This is what I see a 2 strikes.  I don't see hook off it at last second.    I see this as a jab then a hook and not a jab that hooks at the last second.


----------



## Acronym

drop bear said:


> A right hand after a jab isn't exactly unexpected. What if I parry the jab, throw my own jab, move off to the right to avoid the right hand. And get this, because this is the super secret to boxing.
> 
> Before you throw the right hand.
> 
> Then I don't have to be faster than the average human. I just appear faster.



Jab followed by right hand account for I would say at least 80% of the knockouts in boxing. The more tired the fighter gests, the easier combos slip. And it's usually the basic combos that do it.


----------



## Monkey Turned Wolf

Acronym said:


> Nope. I've explained it the best I can


But what you're explaining doesn't really work.

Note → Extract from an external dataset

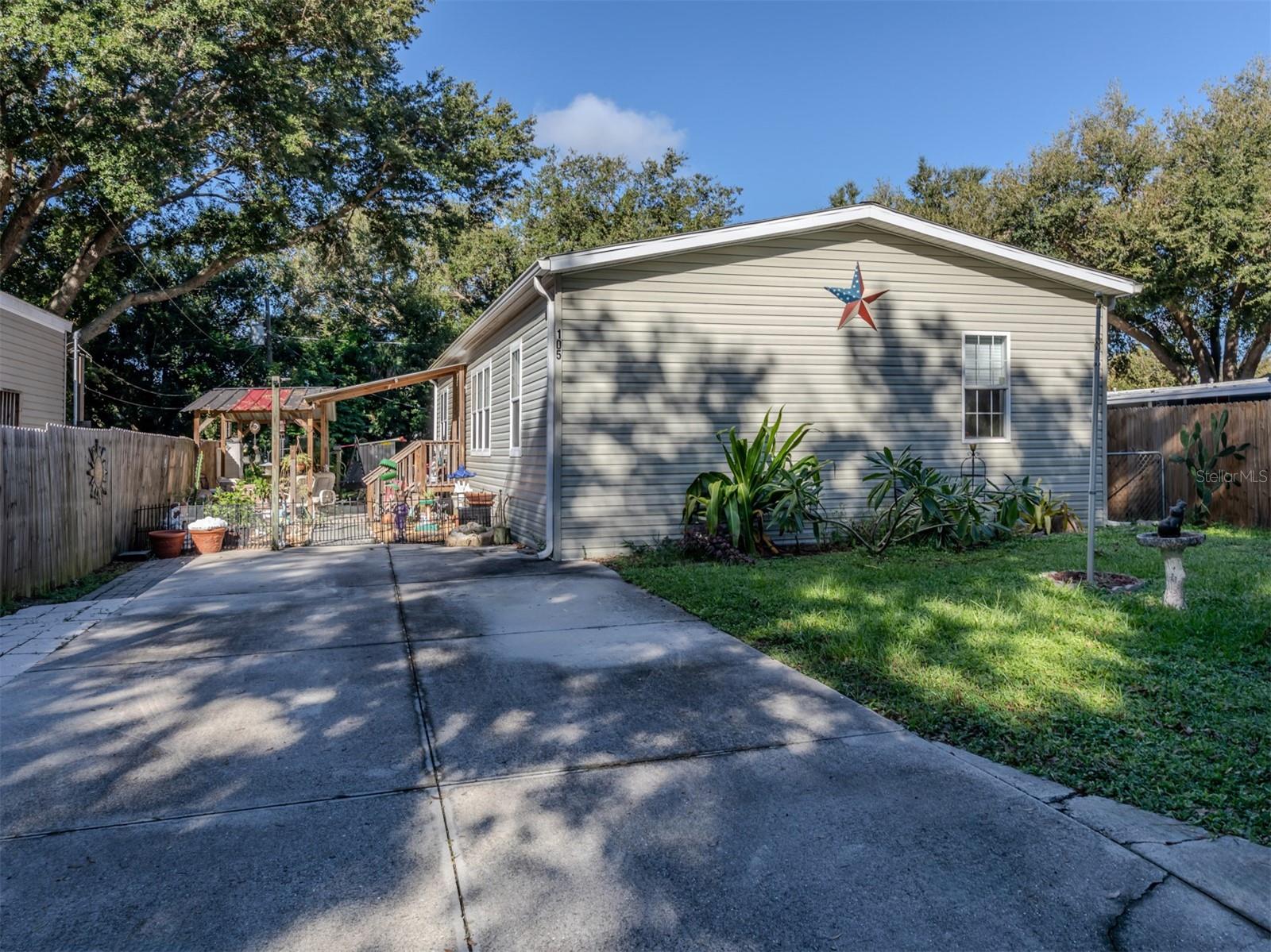 105 IRENE ST S, NOKOMIS, FL, 34275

Can you provide a video of someone doing it so we know what you're talking about?


----------



## Kung Fu Wang

JowGaWolf said:


> When I fully commit to a jab it just goes straight, hit or miss.


You can also commit your jab only when your fist touches on your opponent's face. It's pretty much like 2 steps process:

1. touch - arm go fist, body follow.
2. punch - body push arm.

In another post, I have stated I don't know whether average boxers will do this or not.


----------



## drop bear

JowGaWolf said:


>



Terrible for kickboxing by the way. You get your leg kicked off.


----------



## Acronym

JowGaWolf said:


> This is what you said.
> 
> This is what I see a 2 strikes.  I don't see hook off it at last second.    I see this as a jab then a hook and not a jab that hooks at the last second.



It is not what I said. Hooking of the jab that I'm. Referring to is one strike.. The hook is disguised by a jab trajectory.


----------



## JowGaWolf

Monkey Turned Wolf said:


> If so I was misunderstanding what you were saying-thought you meant turning the jab into a hook at distance when it failed.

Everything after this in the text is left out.